On Wednesday, 10 April 2013 at 02:41:10 UTC, kenji hara wrote:
I think having both 'ref' and 'scope ref' is still reasonable, because:

1. According to DIP25, escaping ref parameter is always safe. But, for
rvalue reference, it allows meaningless code.

// Even if this is allowed, it is safe. BUT will introduce bad practice.
ref int foo(scope ref int x) { return x; }

// safe
ref int bar(ref int x) { return x; }

void test() {
    int x;
    foo(x) = 10;    // may useful but...
    foo(1) = 10;    // completely useless!

    bar(x) = 10;    // may useful, and
    bar(1) = 10;    // disallowed.
}

'foo(1) = 10' is indeed completely useless, but I don't think all uses are completely useless. But I will concede that allowing things like 'foo(1)' may be useless *enough* to disallow it without anyone feeling bad. I have made DIP35, http://wiki.dlang.org/DIP35 , which utilizes 'scope' to actually make DIP25 more flexible, which I think is probably good. The example I used was the 'copy' function. 'foo' above, rewritten as the copy function would be:

ref int foo(scope ref int x) {
  int* y = new int;
  *y = x;
  return y;
}

DIP25 may *need* to use 'scope' in this way to know that foo() will always give a fresh value - so it can treat it like a global safely. Thus 'foo(1)' will return a fresh heap allocated copy of "1".

ref int test() {
  return foo(1); // allowed
  return bar(1); // disallowed!
}

Without the 'scope' parameter, there would be no way the compiler could know. Therefore, it is not completely useless.

2. Certainly 'scope' by itself _can_ imply 'ref'. BUT, currently a function parameter without 'ref' storage class implies having value semantics (== copy).

This is slightly wrong, I suspect. 'out' parameters are implicitly references.

If we change the 'scope' meaning to 'implicit ref', it will break the
consistency.

And, 'scope' is already used for delegate parameter.

int opApply(scope int delegate(ref int) dg);

Such a semantic modification will silently change the meaning of existing code. It's not good to me.

Generally, I agree. My argument is for a small convenience of not having to type 'ref' when not necessary. It would mean that when the type was implicitly a reference, such as a delegate or object, 'ref' was *not* implied, whereas it *was* implied with a value type. This may or may not wreak havoc on the generic type system. I thought there might be an off-chance that it would actually be a *convenience* for the type system, since it would get the right level of referencing for the type involved.

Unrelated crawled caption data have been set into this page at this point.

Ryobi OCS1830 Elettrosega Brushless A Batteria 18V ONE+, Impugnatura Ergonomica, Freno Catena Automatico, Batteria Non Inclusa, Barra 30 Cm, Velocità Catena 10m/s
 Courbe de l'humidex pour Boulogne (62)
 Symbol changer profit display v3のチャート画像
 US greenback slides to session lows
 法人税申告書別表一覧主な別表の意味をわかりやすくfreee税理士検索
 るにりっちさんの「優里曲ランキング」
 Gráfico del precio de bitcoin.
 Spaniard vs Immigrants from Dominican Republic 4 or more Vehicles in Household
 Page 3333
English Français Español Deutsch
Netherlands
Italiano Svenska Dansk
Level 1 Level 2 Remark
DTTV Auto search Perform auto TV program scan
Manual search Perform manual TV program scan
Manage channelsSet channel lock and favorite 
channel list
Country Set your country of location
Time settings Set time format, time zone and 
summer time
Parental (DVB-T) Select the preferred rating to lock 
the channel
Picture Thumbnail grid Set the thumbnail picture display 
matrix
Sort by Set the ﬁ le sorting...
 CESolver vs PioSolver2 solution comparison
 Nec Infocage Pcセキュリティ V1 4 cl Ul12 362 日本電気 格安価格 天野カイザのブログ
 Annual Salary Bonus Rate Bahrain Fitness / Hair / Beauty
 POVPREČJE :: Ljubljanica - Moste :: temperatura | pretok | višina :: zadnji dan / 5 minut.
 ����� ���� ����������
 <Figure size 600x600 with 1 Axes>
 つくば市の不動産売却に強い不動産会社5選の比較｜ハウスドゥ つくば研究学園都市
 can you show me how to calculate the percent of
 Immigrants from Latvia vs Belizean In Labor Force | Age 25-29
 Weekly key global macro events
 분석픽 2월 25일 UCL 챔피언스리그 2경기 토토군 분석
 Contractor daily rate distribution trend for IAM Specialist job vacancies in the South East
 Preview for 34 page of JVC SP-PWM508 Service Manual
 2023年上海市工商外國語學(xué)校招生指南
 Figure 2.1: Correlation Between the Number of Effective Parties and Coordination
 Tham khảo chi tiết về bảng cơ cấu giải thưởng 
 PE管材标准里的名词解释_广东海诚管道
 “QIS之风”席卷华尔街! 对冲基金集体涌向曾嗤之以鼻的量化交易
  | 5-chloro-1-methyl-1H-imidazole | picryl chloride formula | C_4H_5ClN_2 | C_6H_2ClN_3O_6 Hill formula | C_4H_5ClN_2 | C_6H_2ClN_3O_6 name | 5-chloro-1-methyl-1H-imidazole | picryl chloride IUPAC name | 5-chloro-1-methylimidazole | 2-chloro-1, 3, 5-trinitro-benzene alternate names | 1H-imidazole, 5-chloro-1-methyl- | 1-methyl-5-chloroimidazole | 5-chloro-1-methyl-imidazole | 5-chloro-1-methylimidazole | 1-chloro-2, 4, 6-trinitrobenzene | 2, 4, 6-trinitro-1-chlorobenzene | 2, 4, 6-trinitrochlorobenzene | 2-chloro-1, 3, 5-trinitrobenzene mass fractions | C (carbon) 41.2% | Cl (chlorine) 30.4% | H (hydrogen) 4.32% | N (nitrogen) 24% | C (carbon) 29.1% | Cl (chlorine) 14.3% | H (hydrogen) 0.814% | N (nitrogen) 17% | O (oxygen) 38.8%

I believe that the 'scope' keyword may be a necessary addition to DIP25 to make 'ref' fully safe and flexible (DIP35). If so, then there may be a conflict with using it only to mean rvalue temporaries. They are two separate features. I believe that if they are to be used together, it will be because it was decided that whenever you want to stop a reference from escaping, you *always* want to allow rvalue temporaries, and whenever you want to allow rvalue temporaries, you *never* want them to be returned. Right now, returning an rvalue temporary might seem dangerous, but sealed references *are* part of the plan for D, and there may be no need to see them as dangerous.